What many Americans fail to recognize is that this change is more than simply a benefit or detriment to either side’s view of the national gun debate. Specifically, this change turns the foundation of stop-and-frisk tactics on its head. As the police and the courts are faced with changing norms and sentiments surrounding guns, strict adherence to rigid, antiquated rules—whether perceived or actual—results in perverse outcomes. Indeed, this was the issue in United States v. Robinson.
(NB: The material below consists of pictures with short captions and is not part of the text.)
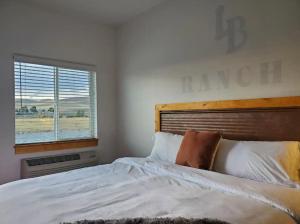 Łóżko lub łóżka w pokoju w obiekcie Lazy Bear Ranch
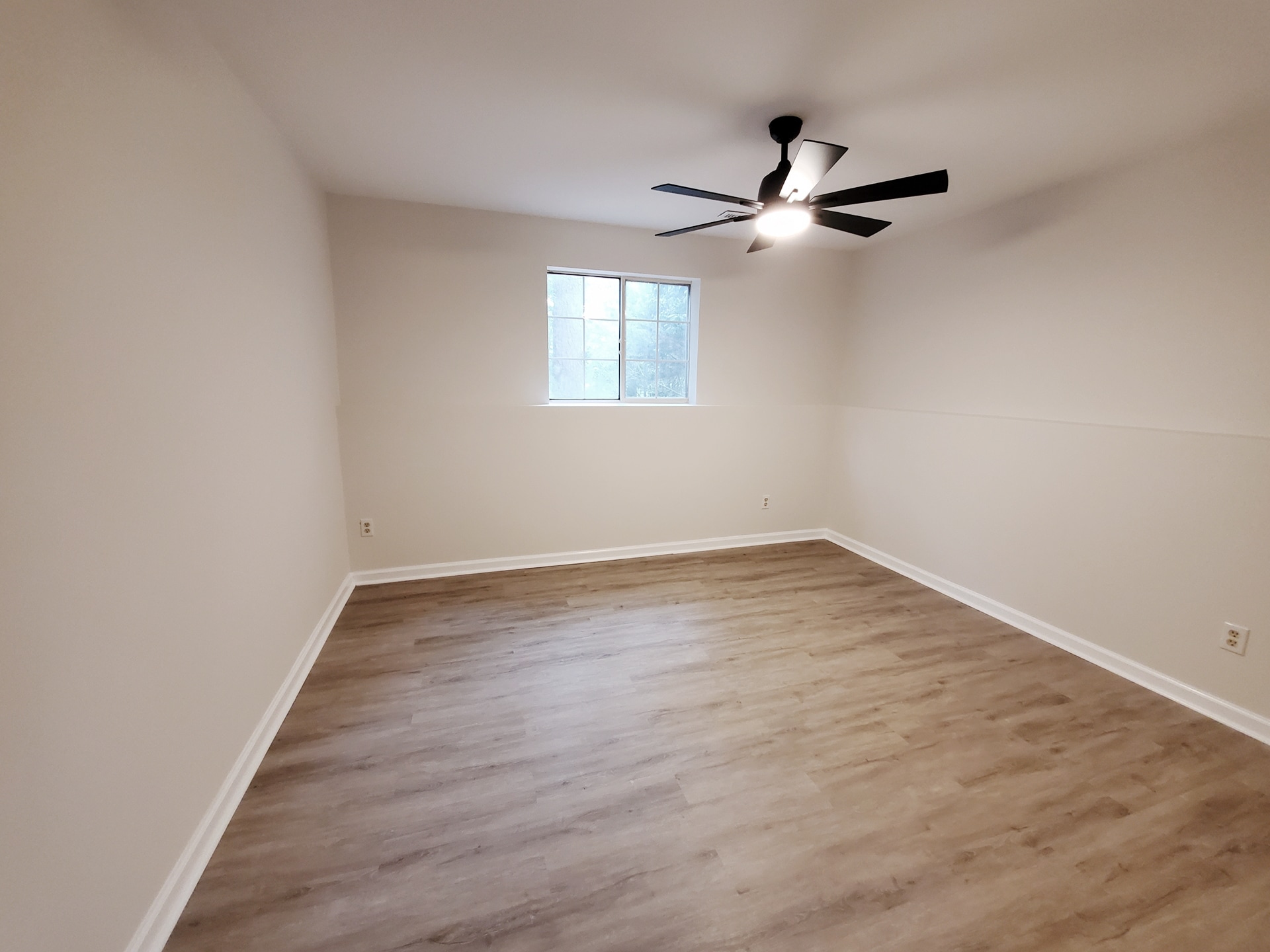 Building Photo - Room in Single Family Home on Henslowe Dr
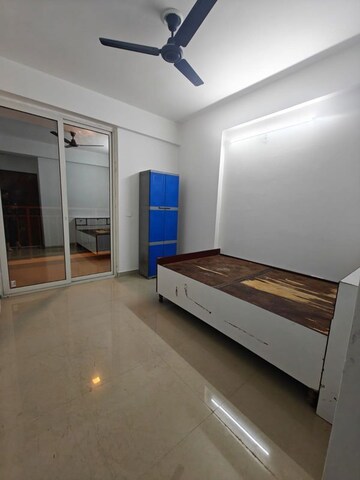 Room in 3 BHK Apartment at ROF Amaltas, Sector 92 – for Rent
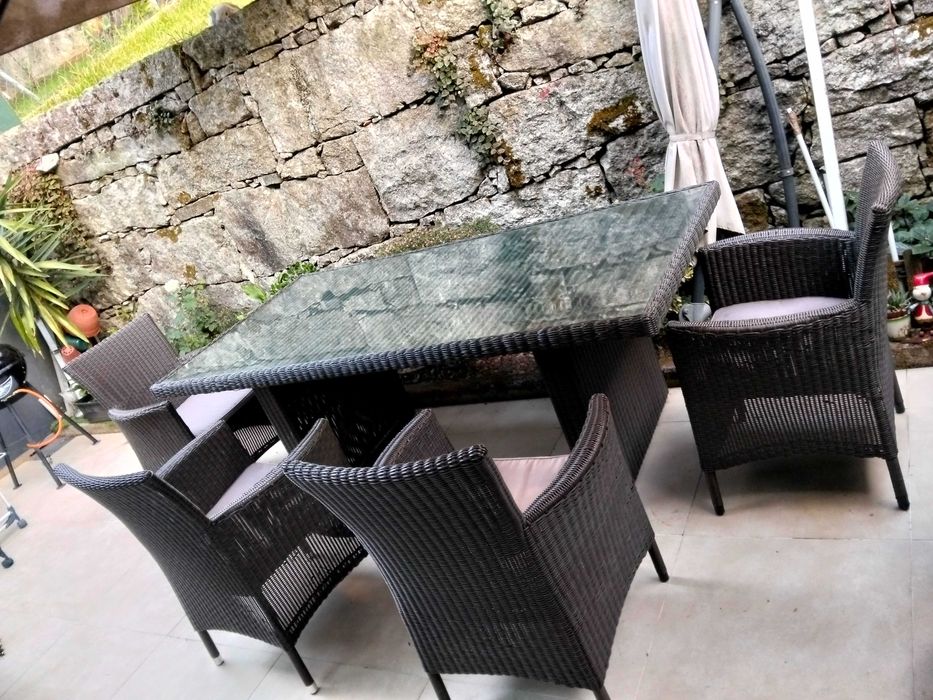 Mesa de jardim com 2metros por 1metro com 4 cadeiras como novo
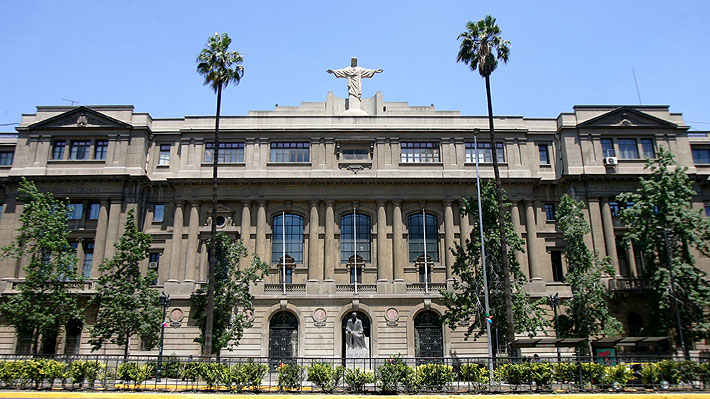 Universidad Católica mejora en el ranking QS y tiene a nueve de sus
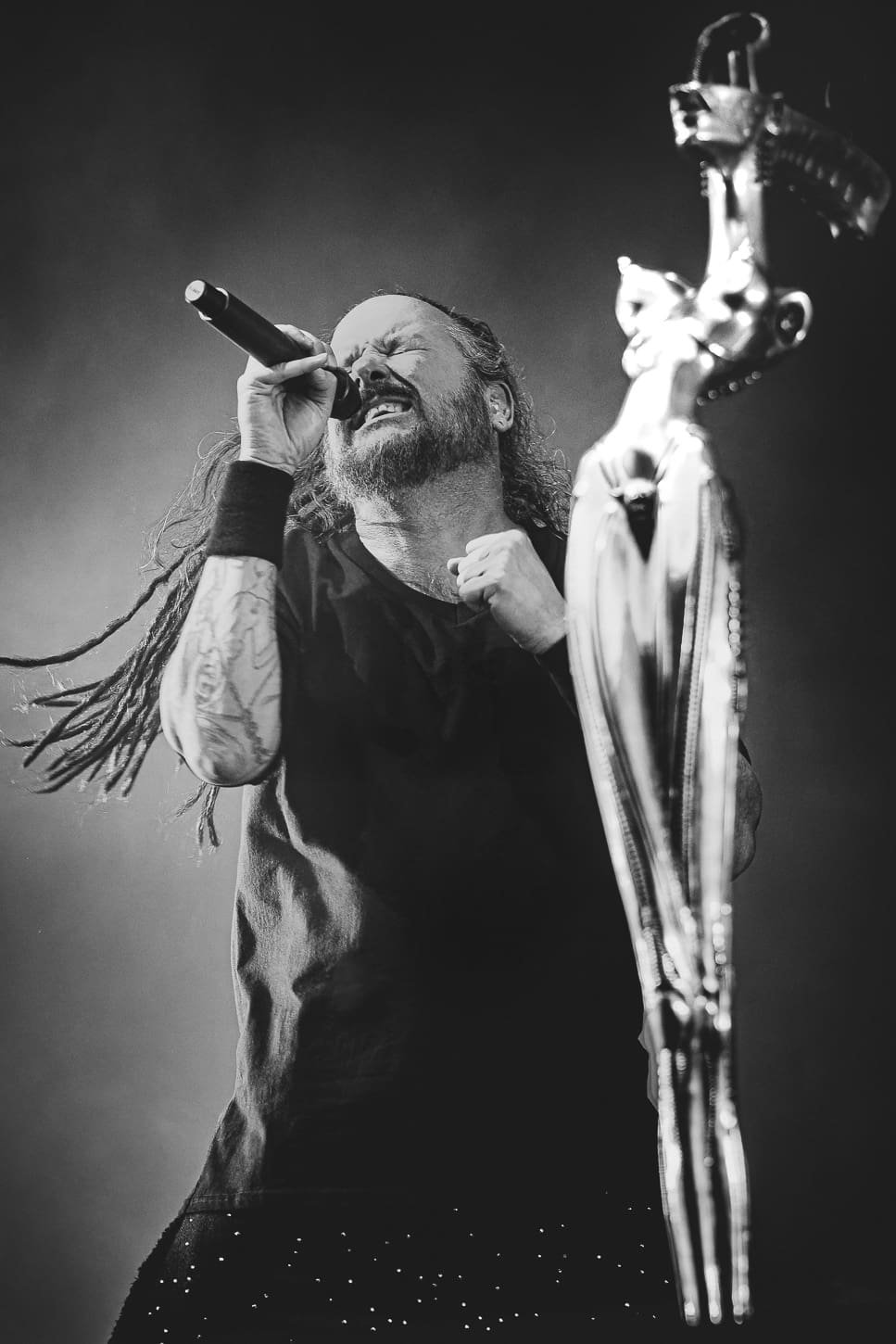 Korn performs at Metlife Stadium. Korn performs at Metlife Stadium.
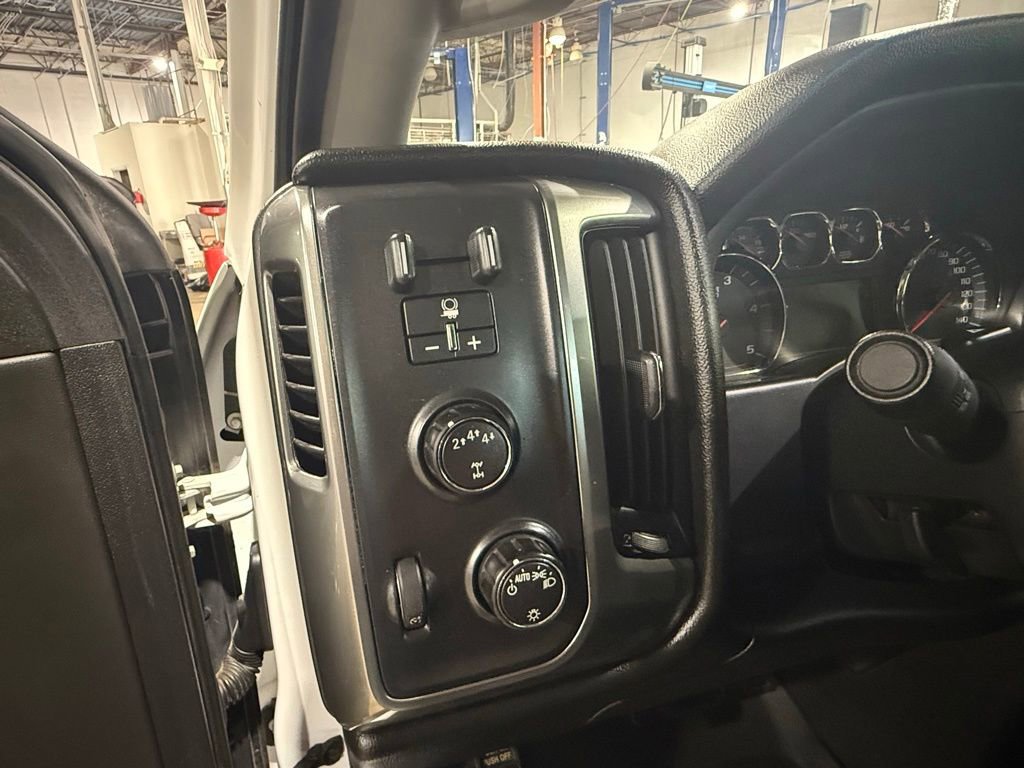 Used 2019 Chevrolet Silverado 2500 LT AWD/4WD image 31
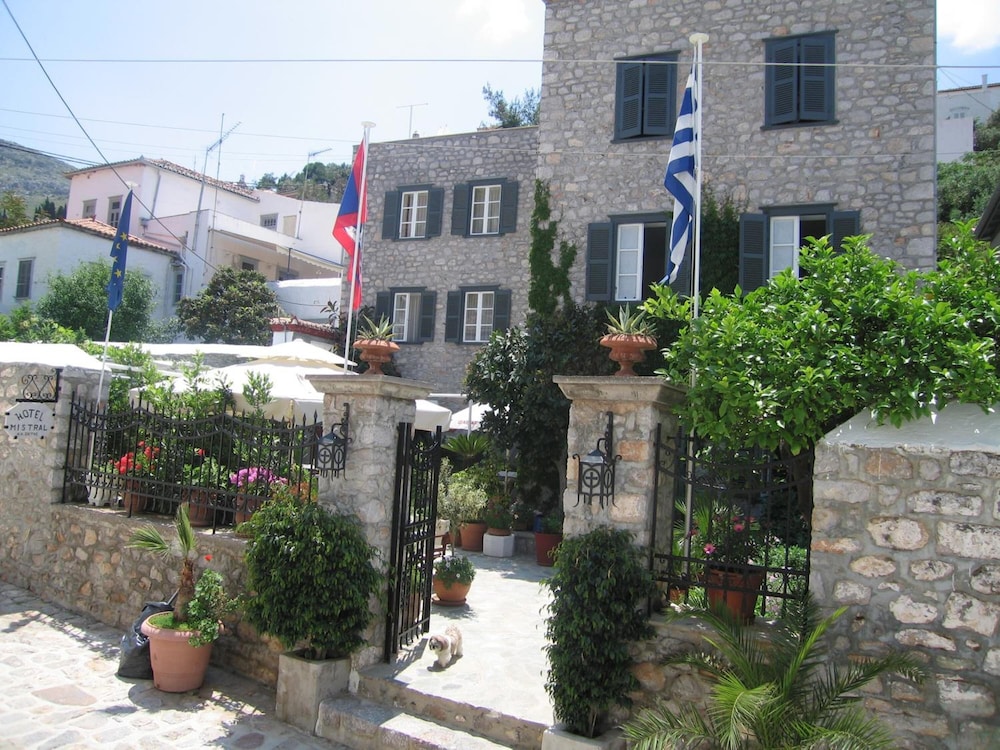 Hotel Mistral - carbon neutral hotel in Ydra
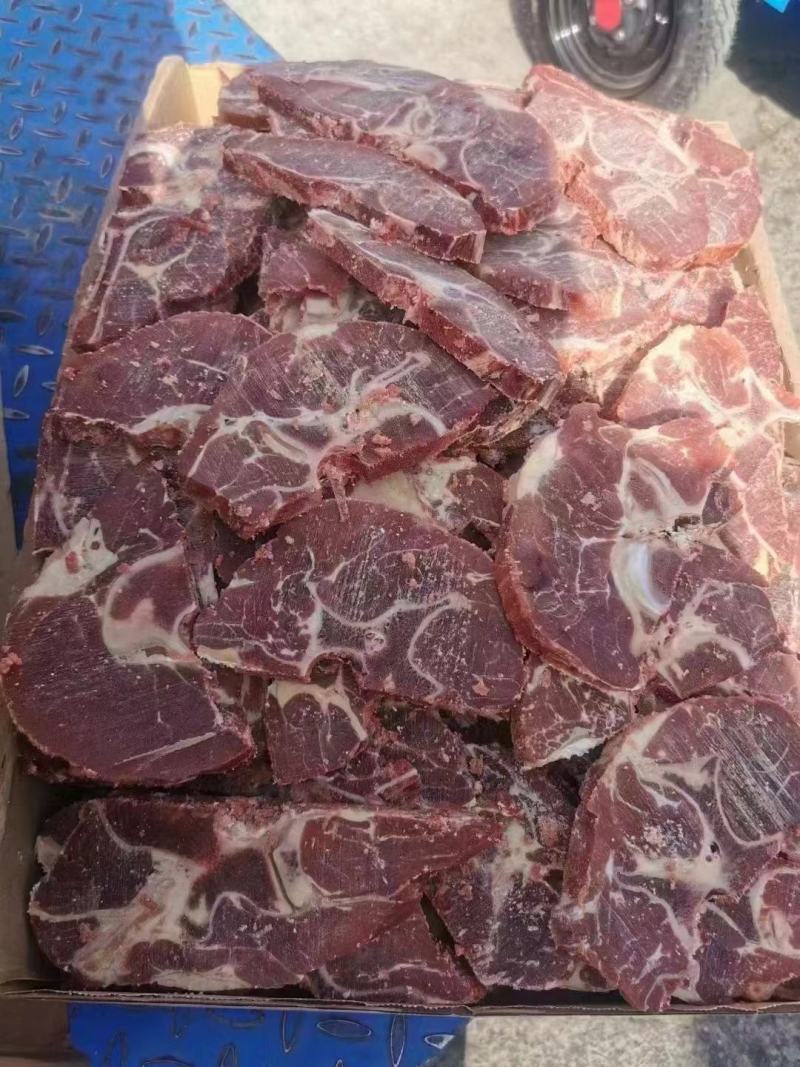 满肉牛脖骨，可切块，可做小包装，货源充足全国发货需要联系
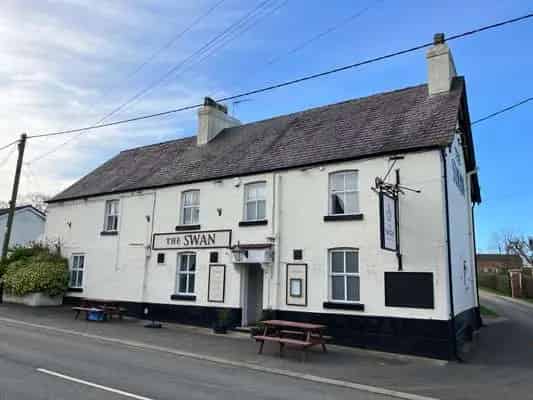 The Swan Pub: Detached Pub with Extensive Grounds and Accommodation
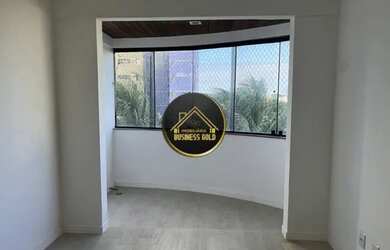 Imagem: O apartamento possui 3 Dormitórios, 1 Banheiro, 2 Vagas na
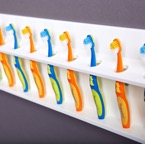 25er-zahnbuerstenleiste_zahnbuerstenhalter_zahnhygiene_kindergarten_kita_krippe_zahngesundheit_zaehne_putzen_kita_shop_zahnpflege_zahnbürstenleisten_kaesebier_tischlerei_holzwerkstatt-3490-2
In Robinson II, the Fourth Circuit interpreted the Supreme Court’s use of “armed and thus dangerous” to create a unitary concept because “[t]he use of ‘and thus’ recognizes that the risk of danger is created simply because the person, who was forcibly stopped, is armed.” In other words, law enforcement need not identify how an individual is dangerous outside of simply carrying a weapon: under the “‘thus’ iteration,” the weapon alone makes the individual dangerous.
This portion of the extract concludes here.